#### Work to be completed:
Reproduce the material below only from the line with "Sơn Tây tổ chức" to the line with "Un presente que", both included, keeping each line exact and dropping the pictures.

#### Available records:
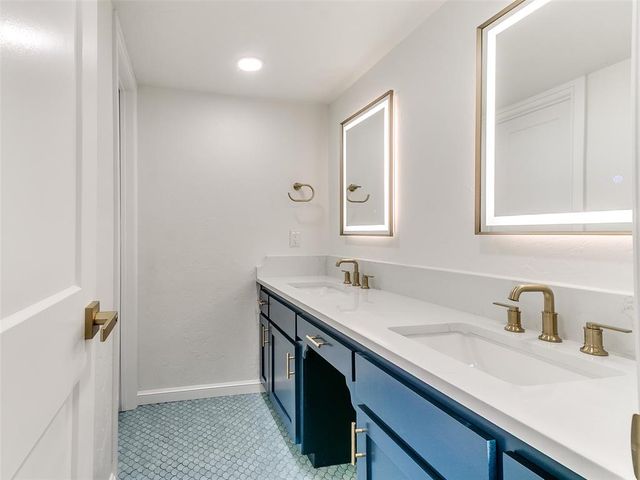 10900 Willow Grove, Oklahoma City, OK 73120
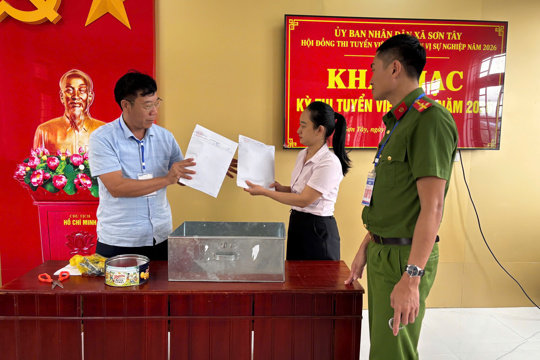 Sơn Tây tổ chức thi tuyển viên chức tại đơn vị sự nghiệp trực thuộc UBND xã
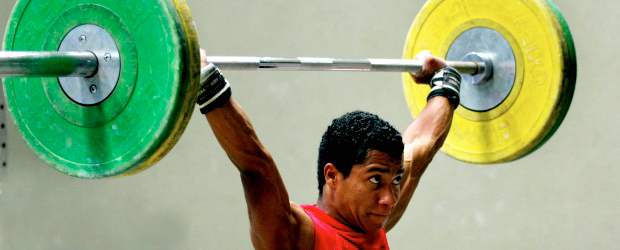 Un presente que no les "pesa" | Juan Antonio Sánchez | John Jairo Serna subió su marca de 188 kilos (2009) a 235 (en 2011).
==
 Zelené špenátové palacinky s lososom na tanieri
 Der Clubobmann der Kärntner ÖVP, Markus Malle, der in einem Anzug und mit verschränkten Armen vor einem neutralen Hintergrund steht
* * *
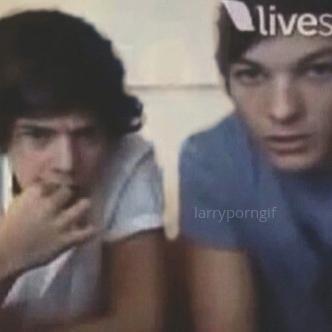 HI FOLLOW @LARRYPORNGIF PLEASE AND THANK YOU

#### Problem solution:
 Sơn Tây tổ chức thi tuyển viên chức tại đơn vị sự nghiệp trực thuộc UBND xã
 Un presente que no les "pesa" | Juan Antonio Sánchez | John Jairo Serna subió su marca de 188 kilos (2009) a 235 (en 2011).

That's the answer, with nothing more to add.